PERFIL NUTRICIONAL DE CRIANÇAS MENORES DE CINCO ANOS QUE FREQUENTARAM UM BERÇÁRIO INSTITUCIONAL

Andressa Gomes Barros Felizola, Rita de Cássia Coelho de Almeida Akutsu, Amanda Branquinho Silva, Karin Eleonora de Oliveira Sávio

Resumo


Objetivo: Avaliar o perfil nutricional de crianças menores de cinco anos que frequentaram um berçário institucional no Distrito Federal.
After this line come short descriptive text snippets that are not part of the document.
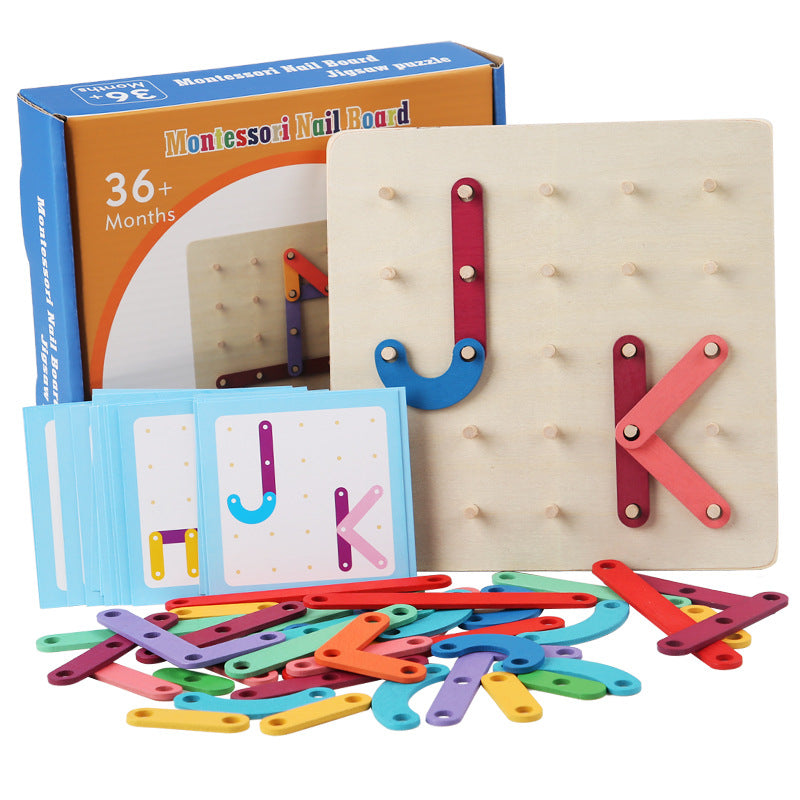 Advanced Deluxe Wooden Montessori Nail Board Geometric board With Building Flash Cards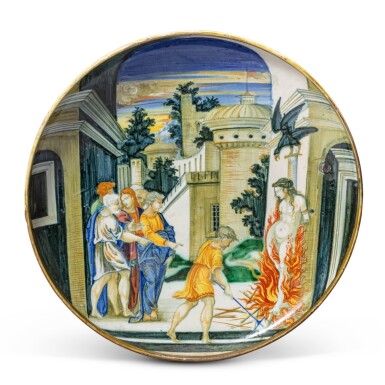 View full screen - View 1 of Lot 9. Attributed to the “Decollation Painter”, Lustred by Maestro Giorgio, Italian, Gubbio, circa 1524-1530.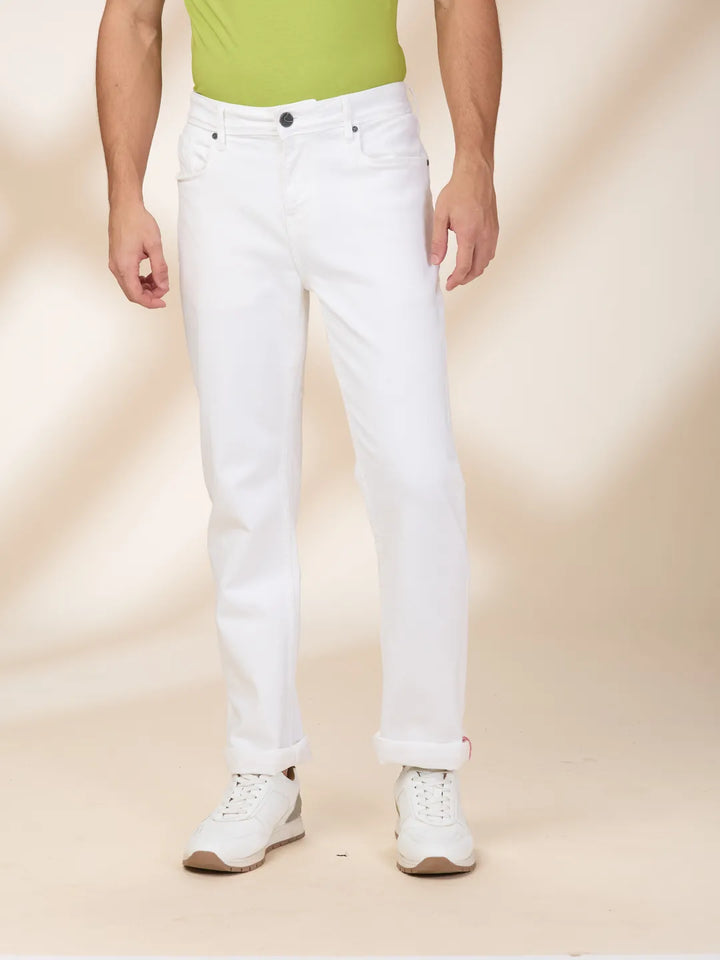 White Krypton-Straight Fit Denims for Men by Being Human Clothing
Métodos: A amostra foi composta por crianças que frequentaram o berçário institucional entre março de 2010 e dezembro de 2013. Foram analisados dados socioeconômicos, ambientais, demográficos, biológicos e antropométricos de mães e crianças, e aplicado um Questionário de Frequência Alimentar para analisar o consumo alimentar infantil. Para avaliação da qualidade global da dieta, foi utilizado um escore baseado no Recommended Foods Score (Contagem de Alimentos Recomendados). Resultados: A amostra foi composta por 26 mães e 28 crianças. Quanto às mães, 67,9% estavam na faixa etária de 31 a 40 anos, 67,9% eram pós-graduadas, 85,7% recebiam mais de 10 salários, 75% eram casadas, 85,7% eram eutróficas e 14,3% com sobrepeso. A média de idade das crianças foi de 29,44 meses (± 14,18); 67,9% permaneceram em aleitamento materno exclusivo até seis meses e 50% foram desmamadas entre 12 e 15 meses; 88,9% das crianças estavam eutróficas e 11,1%, com risco de sobrepeso; 28,6% apresentaram consumo de açúcares e bebidas açucaradas acima da recomendação; 32,2%, consumo de frutas abaixo do recomendado e 67,9%, consumo de hortaliças abaixo do recomendado pela Sociedade Brasileira de Pediatria; 10,7% realizavam as refeições assistindo televisão quase sempre e 21,4%, nunca. A nota média da dieta foi 23,25 ± 2,31 pontos de um total de 28. Conclusão: A frequência a um berçário institucional pode contribuir de forma positiva para o estado nutricional e os hábitos alimentares da criança.

DOI: http://dx.doi.org/10.12957/demetra.2015.14141

 


Palavras-chave


Perfil nutricional; Crianças; Consumo de alimentos; Antropometria e Berçários institucionais.